In full and exactly, reproduce the entries below, but omit the pictures.

# Extracted entries

*** Begin section ***

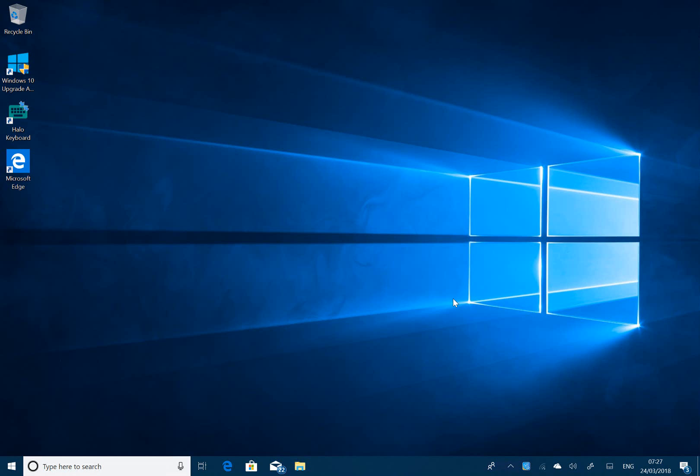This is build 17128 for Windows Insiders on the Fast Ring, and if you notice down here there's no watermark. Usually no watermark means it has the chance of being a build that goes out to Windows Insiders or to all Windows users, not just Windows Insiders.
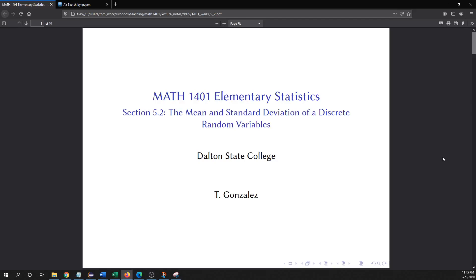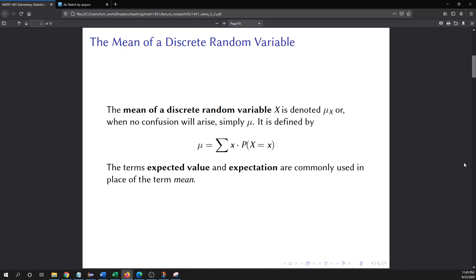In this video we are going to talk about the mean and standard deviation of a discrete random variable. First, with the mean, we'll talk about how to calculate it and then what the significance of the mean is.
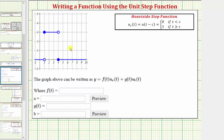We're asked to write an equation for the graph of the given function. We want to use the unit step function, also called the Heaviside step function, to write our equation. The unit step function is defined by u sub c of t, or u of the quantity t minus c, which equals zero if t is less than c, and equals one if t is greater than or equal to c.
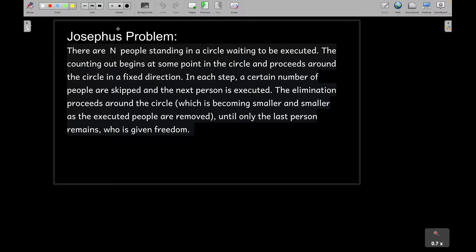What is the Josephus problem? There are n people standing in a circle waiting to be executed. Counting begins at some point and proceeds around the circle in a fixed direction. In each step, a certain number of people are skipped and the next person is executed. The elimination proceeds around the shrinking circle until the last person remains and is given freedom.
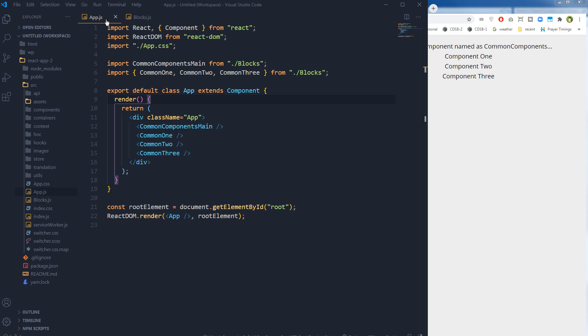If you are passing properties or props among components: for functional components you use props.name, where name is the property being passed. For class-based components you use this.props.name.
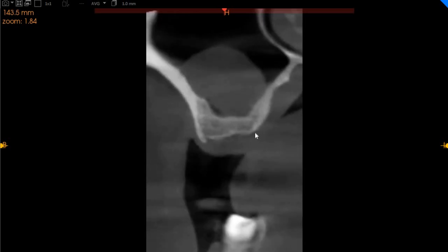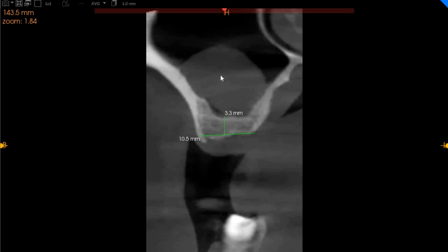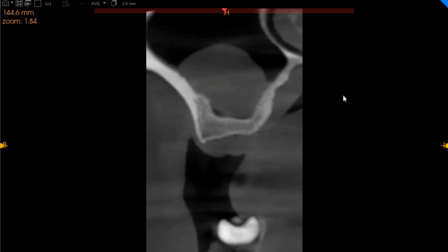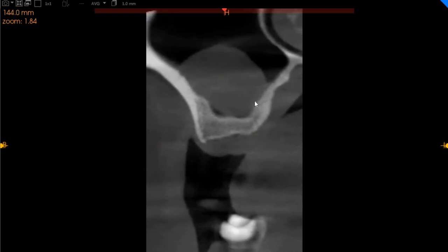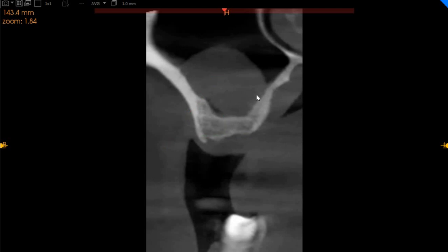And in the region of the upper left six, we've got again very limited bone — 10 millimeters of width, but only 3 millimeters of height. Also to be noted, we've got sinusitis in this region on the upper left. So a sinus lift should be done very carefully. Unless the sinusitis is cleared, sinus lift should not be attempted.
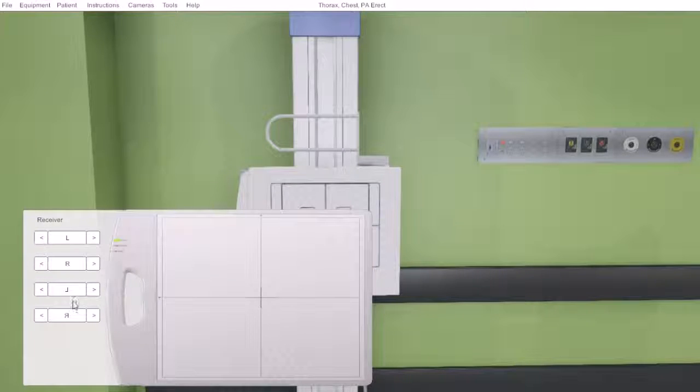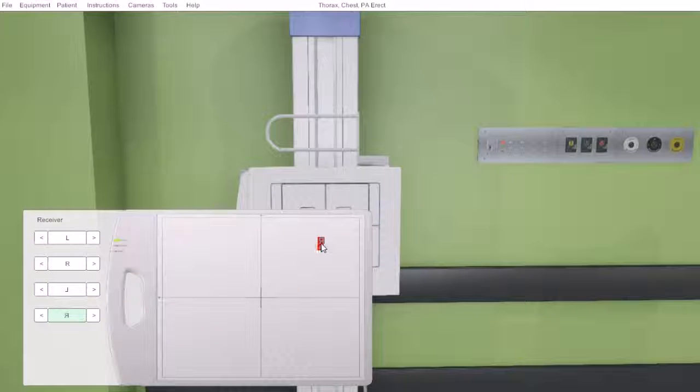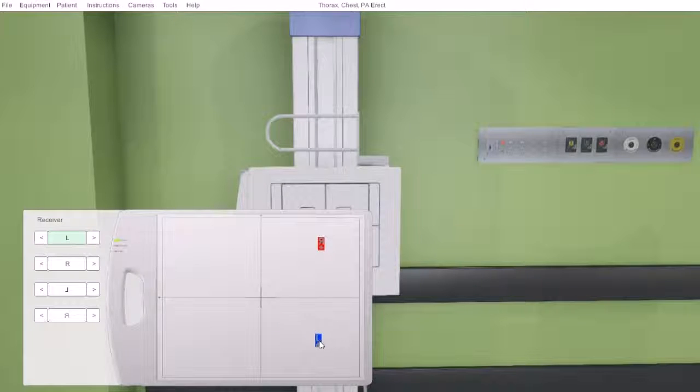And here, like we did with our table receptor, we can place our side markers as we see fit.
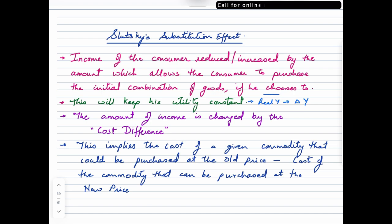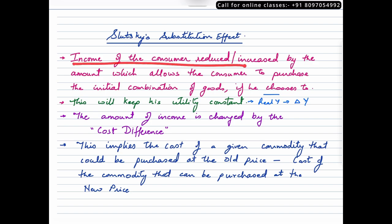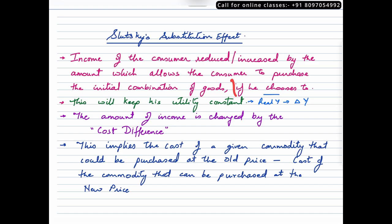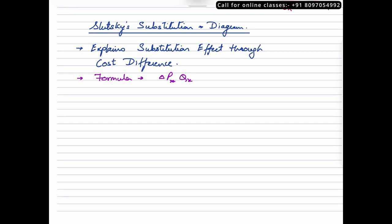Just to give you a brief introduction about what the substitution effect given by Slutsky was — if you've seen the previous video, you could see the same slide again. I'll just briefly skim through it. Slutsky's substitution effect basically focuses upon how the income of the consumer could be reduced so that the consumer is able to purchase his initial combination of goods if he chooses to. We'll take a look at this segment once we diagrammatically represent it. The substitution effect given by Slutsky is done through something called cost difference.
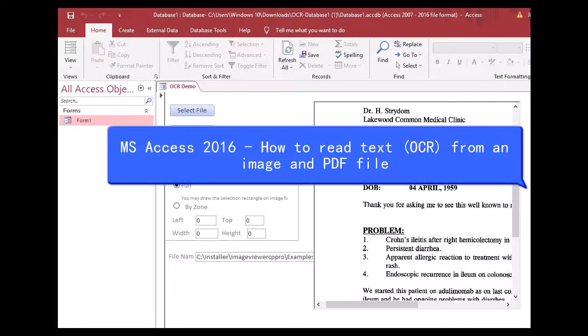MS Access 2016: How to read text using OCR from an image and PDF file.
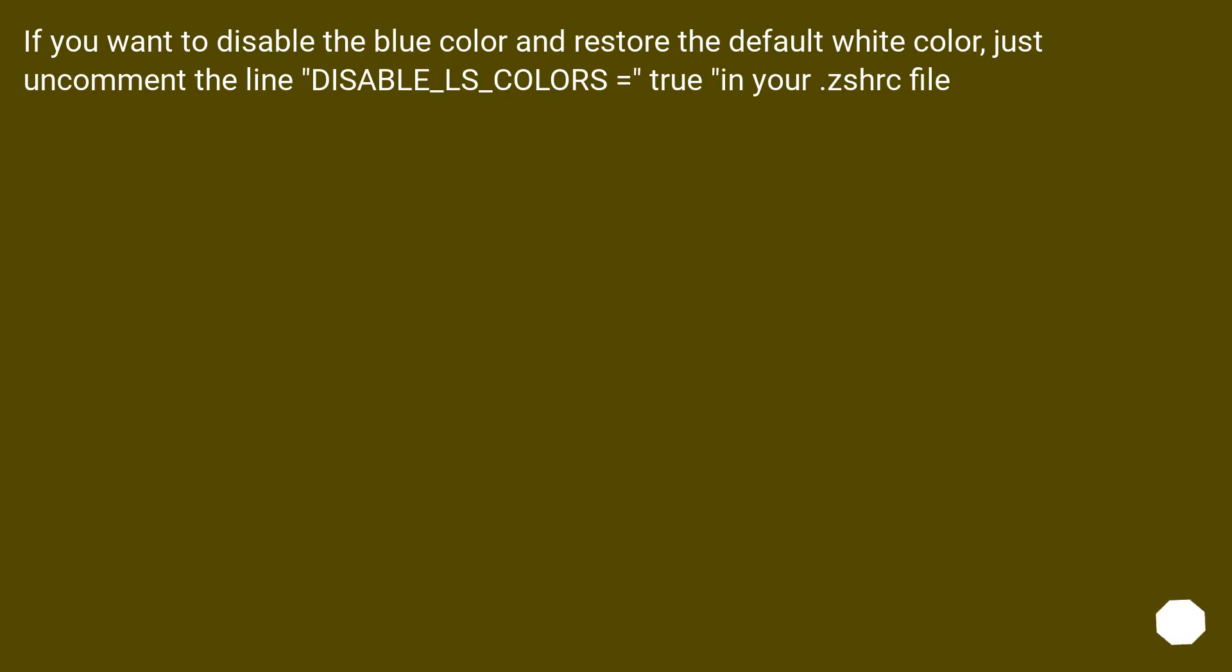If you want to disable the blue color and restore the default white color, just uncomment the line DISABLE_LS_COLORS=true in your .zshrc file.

*** End section ***

# Worked solution
This is build 17128 for Windows Insiders on the Fast Ring, and if you notice down here there's no watermark. Usually no watermark means it has the chance of being a build that goes out to Windows Insiders or to all Windows users, not just Windows Insiders.
In this video we are going to talk about the mean and standard deviation of a discrete random variable. First, with the mean, we'll talk about how to calculate it and then what the significance of the mean is.
We're asked to write an equation for the graph of the given function. We want to use the unit step function, also called the Heaviside step function, to write our equation. The unit step function is defined by u sub c of t, or u of the quantity t minus c, which equals zero if t is less than c, and equals one if t is greater than or equal to c.
What is the Josephus problem? There are n people standing in a circle waiting to be executed. Counting begins at some point and proceeds around the circle in a fixed direction. In each step, a certain number of people are skipped and the next person is executed. The elimination proceeds around the shrinking circle until the last person remains and is given freedom.
If you are passing properties or props among components: for functional components you use props.name, where name is the property being passed. For class-based components you use this.props.name.
And in the region of the upper left six, we've got again very limited bone — 10 millimeters of width, but only 3 millimeters of height. Also to be noted, we've got sinusitis in this region on the upper left. So a sinus lift should be done very carefully. Unless the sinusitis is cleared, sinus lift should not be attempted.
And here, like we did with our table receptor, we can place our side markers as we see fit.
Just to give you a brief introduction about what the substitution effect given by Slutsky was — if you've seen the previous video, you could see the same slide again. I'll just briefly skim through it. Slutsky's substitution effect basically focuses upon how the income of the consumer could be reduced so that the consumer is able to purchase his initial combination of goods if he chooses to. We'll take a look at this segment once we diagrammatically represent it. The substitution effect given by Slutsky is done through something called cost difference.
MS Access 2016: How to read text using OCR from an image and PDF file.
If you want to disable the blue color and restore the default white color, just uncomment the line DISABLE_LS_COLORS=true in your .zshrc file.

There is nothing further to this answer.